しかも沿道に立つ地元の人々が旗を振りながら「がんばれー!」と声を掛けてくれる。これまではマラソン中継を見ながら「あんなのやってもランナーは聞こえてないんじゃない?」とか疑問視していたのだけど、こうして走ってみるに、実はあれって無茶苦茶励みになるんだね。そんなわけで後半は目いっぱい気分も良くしながら、ゴールまで思い切って飛ばしまくった。快調快調!
で、結果であるが、これだけ人数がたくさんいるレースだと、トップ集団かドンケツのほうにでもいない限り、自分がどのへんの位置でゴールしたのかというのがよくわからない。
参加者のゼッケンの下には計測用チップが貼り付けられていたので、完走の確認やタイムの計測はできているらしい。だが、あいにくこの日はシステムにトラブルがあったらしくて即座には出てこず「結果は後日改めてみなさんあてに直接お送りします」と主催者が会場で案内していた。

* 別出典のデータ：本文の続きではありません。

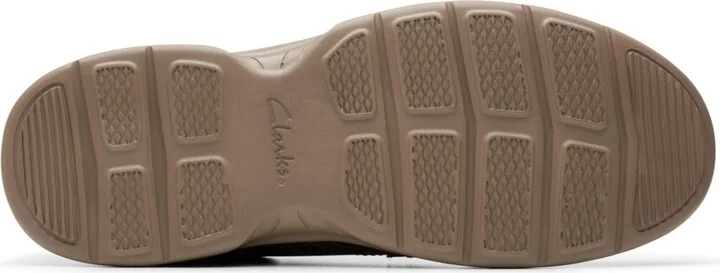 Clarks Men's Collection Bradley Vibe Lace Up Shoes - Image 5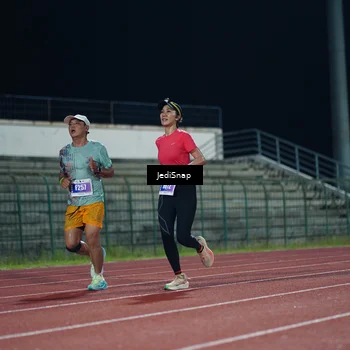 Runner Photo 4494549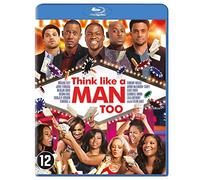 Think Like a Man Too - Sony - NL/FR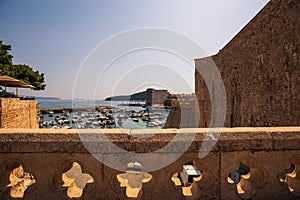 Dubrovnik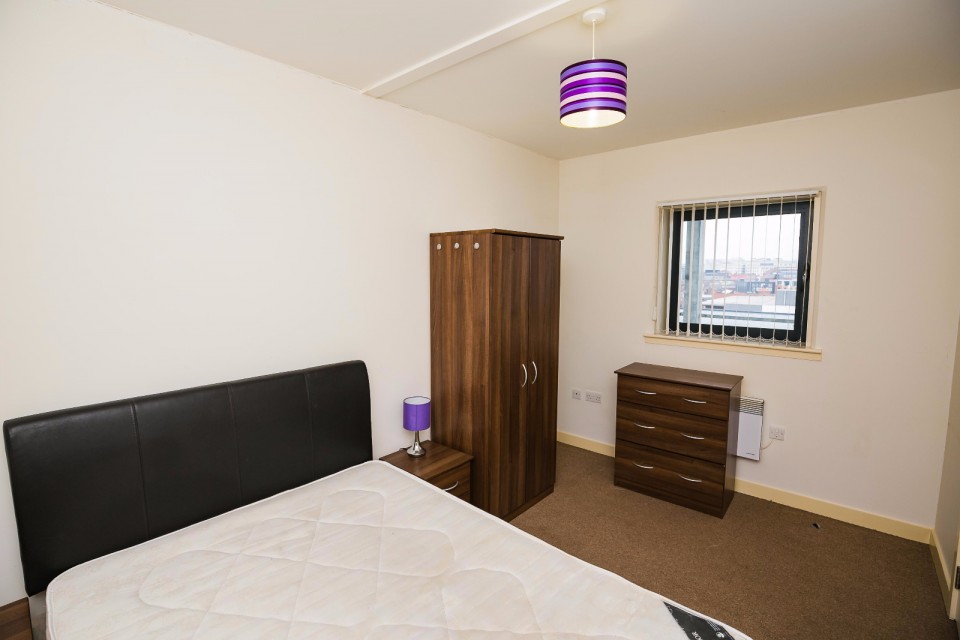 2 bed student house to rent on 32 Tabley Street, Liverpool, L1 8DW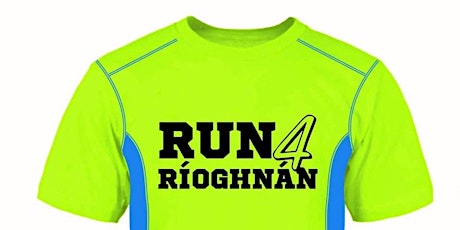 Run 4 Ríoghnán primary image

ゴールの後、歩いて会場まで戻ってドリンクを数杯あおり、息が落ち着いてから荷物をとりに行ったところで初めて時計を見たら11時05分だった。ということは55分ぐらいで走ったのかな。でも、聞けばトップの選手は33〜35分ぐらいで走破してしまうらしい。ぬ〜、敵の背中まではまだ遠いぞ(笑)。
まあ、実質ほとんど初めてのマラソン参加だったし、とりあえず今回は完走が目標だったので、まずは良しとしよう。ゴールの段階でもまだ余力があったし、ラストスパートでは前を行くランナーを結構ごぼう抜きにもできたので満足。
ただ、さすがに足には痛みが残った。特に下り坂を思いっきり飛ばしてきたせいか、途中からは前腿がパンパンに張ってしまったのは予想外だった。これがなければ最後はもっと飛ばせたのにな……と少々残念。普段にジョギングで走っている中野区内のコースは高低差ほとんどゼロなので、そこで鍛えるのも難しいところではあるんだけど……一夜明けて、これを書いている今ですら椅子から起き上がるのに苦労するの何の。
ともあれ、そんなこんなで完走の喜びに浸りつつ、町内の温泉(この日に限ってマラソン参加者は無料で入れる)にゆったりと漬かった後に帰路へ。「快速アクティー」のグリーン車を奮発し、眺めのよい2階席で参加土産の伊予柑をほおばりながら、春の陽の降る相模湾や、見頃に入ってきた沿線の桜を楽しみながら帰ってきたのでした――なんて書くと何だか中学生の感想文みたいだな(苦笑)。
でも、何だか若い頃に部活動をやってた時代の気分が久々に蘇ってきたみたいな気もして悪くはなかったです。まあ、あの上り坂のコースは思い出すだけで疲れそうだけど……でも、「また来年も参加しにきてもいいかな」と思った次第。